This is a cool shot, I think. The boots are new, as well. My partner is a fairly frequent user of a website called “bargain outfitters.” He had purchased something, but needed to spend $10 more to get free shipping, which would have been more than $10 for what he wanted. He hunted around, and lo-and-behold, he found a pair of cheap Chinese-made black harness boots with a lug sole with the Harley-Davidson logo on the shafts. And they were only $10! (Well, $9.95, but who’s counting?)

I checked around, and found these boots sell new at on-line boot retailers for about $100, so my partner got me a great deal!
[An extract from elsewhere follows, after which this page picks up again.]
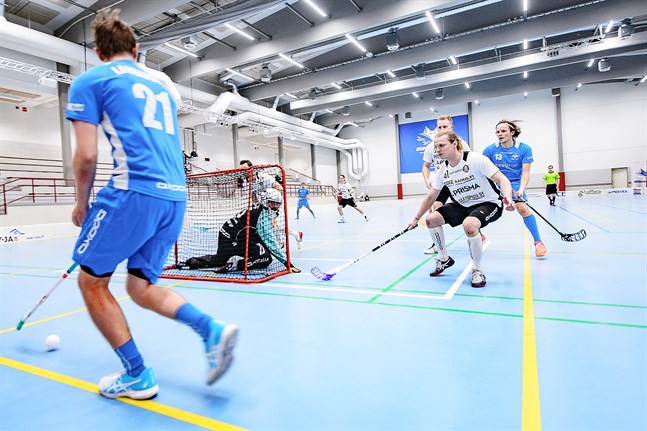 Johnny Fredriksson väntar på inlägg från Christoffer Lassander. Fredriksson satte tre bollar mot MLT.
And to think, he said that the last thing he would ever buy me is a pair of boots. I didn’t remind him of that when he gave them to me. I just smiled, said thanks, put them on, and then took him in the back room…. oops, this is a G-rated blog. (smile)

See more photos of these boots on my website, here.

So come on, guys, Lug-Up! REAL BIKERS WEAR BOOTS!

Life is short: wear your boots!

Harness Booted Biker

I dunno, there’s just something that catches my eye when a biker has on harness boots. These ruggedly good-looking harness boots shown in this photo were a gift from a friend who lives in Ottawa, Canada. I have worked with him professionally for more than 20 years. I enjoyed several visits with him.

Out-of-the-blue about a month ago, he sent me these boots. They are made by Boulet, a Canadian bootmaker with a fine reputation.

I like the color, especially. It contrasts well with blue denim jeans. The rubber sole makes them great for use on my Harley.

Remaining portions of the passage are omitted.